- Also known as: Adesse Versions
- Born: Chester, Cheshire, England
- Occupations: DJ; remixer;
- Years active: 2000s–present
- Labels: Ostgut Ton; Numbers; Ninja Tune; Cocoon; Ed Banger; Mikrowave;

= Kevin Gorman =

British DJ and remixer

Kevin Gorman, known professionally as Adesse Versions, is a British DJ and remixer.

== Biography ==
Gorman's music has appeared on the labels Ostgut Ton, Numbers, Ninja Tune, Cocoon, Ed Banger, and others. His remix credits include the 1991 R&S release "Vamp" by Outlander, Leftfield for their album Leftism, Blossoms, and Dita Von Teese. From 2015 to 2016, Gorman ran an Adesse Versions show monthly on London's Rinse FM.

Originally from Chester, England, Gorman first came to prominence with a 2006 demo for DJ Hell, featuring the track "DMX", which featured heavy usage of the Beat Repeat feature of Ableton Live. This signing led DJ Hell to request a full album from Gorman for International DeeJay Gigolo Records.

In March 2009, he launched his project Elements, a series of singles featuring the unique aspect of releasing all the component samples of the music alongside the original tracks, as well as a large collection of DJ tools, loops and alternate mixes.
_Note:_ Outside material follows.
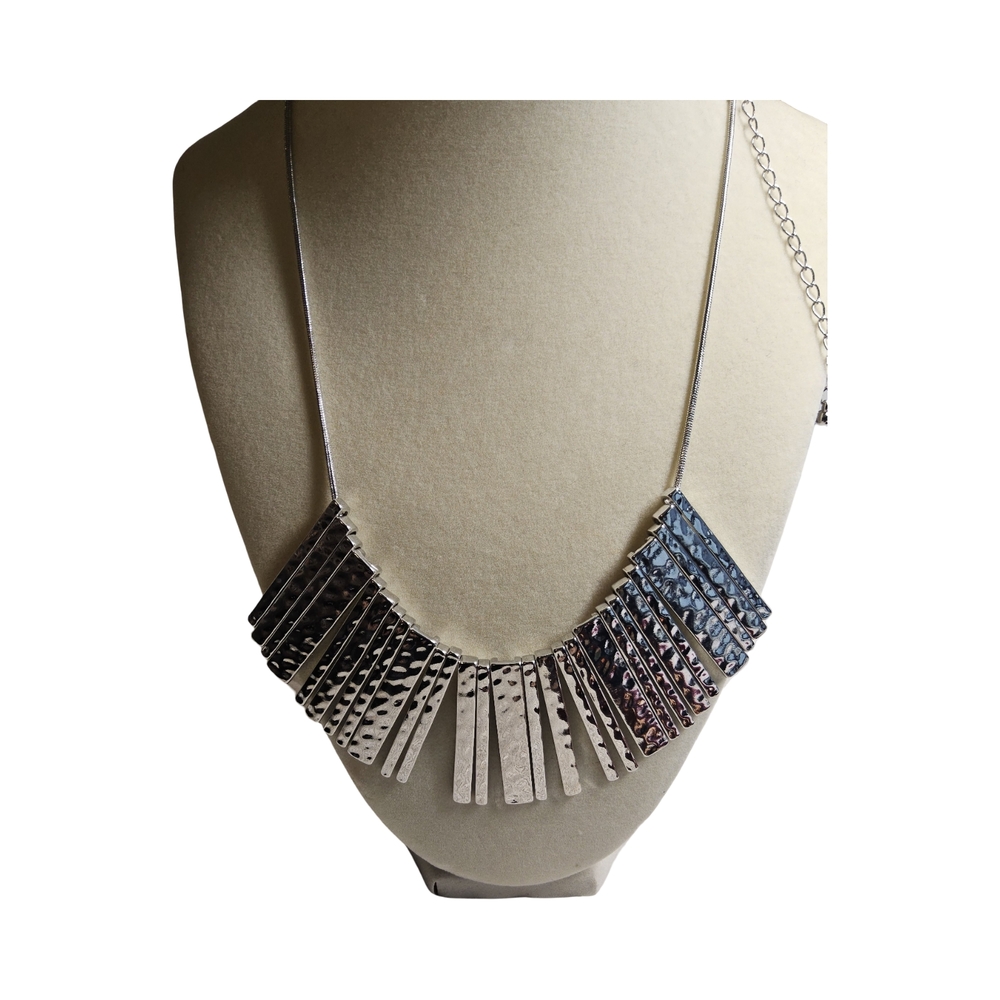 New Banana Republic Silver Tone Fashion Necklace - Picture 2 of 7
The project was released on Mikrowave, Gorman's own imprint. Also on Mikrowave, Gorman released the single "Seven Eight Nine", featuring a live version from the Berlin club the Berghain.
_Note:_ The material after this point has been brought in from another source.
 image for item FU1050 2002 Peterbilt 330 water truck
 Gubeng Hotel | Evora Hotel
In 2010, Gorman provided music for the soundtrack to the film Shiver, a documentary concerning the controversial practice of shark finning. These Steve Reich–inspired pieces became Frequency Phase Parts 1–3, released in 2012 on the Stroboscopic Artefacts label.

==Selected discography==

- Domenico Torti featuring Afrika Bambaataa, "Radar" (Adesse Versions remix), 2019
- Kerri Chandler, "The Boom Can" (Adesse Versions edit), 2018
- Dita Von Teese, "La Vie Est Un Jeu" (Adesse Versions remix), 2018
- Maribou State, "Kingdom" (Adesse Versions remix), 2018
- Leftfield, "Original" (Adesse Versions remix), 2017
- Blossoms, "Getaway" (Adesse Versions remix), 2016
- Frequency Phase Parts 1–3 (Stroboscopic Artefacts, 2012)
- "Cast" (Curle, 2011)
- "7am Stepper" (Ostgut Ton, 2010)
- Traversable Wormhole, "Relativistic Time Dilation" (Kevin Gorman Remix) (CLR, 2010)
- Phil Kieran, "Playing with Shadows" (Kevin Gorman Remix) (Cocoon, 2010)
- Elements Parts 1–3 (Mikrowave, 2009)
- "SevenEightNine" 12-inch LP (Mikrowave, 2008) – live at Berghain
- Chemistry Lock LP (International DeeJay Gigolo, 2007)
- Outlander, "Vamp" (Kevin Gorman Remix) (International DeeJay Gigolo, 2007)
- Alloy Mental, "God is Green" (Kevin Gorman Remix) (Skint, 2007)
- "DMX" (International Deeay Gigolo, 2006)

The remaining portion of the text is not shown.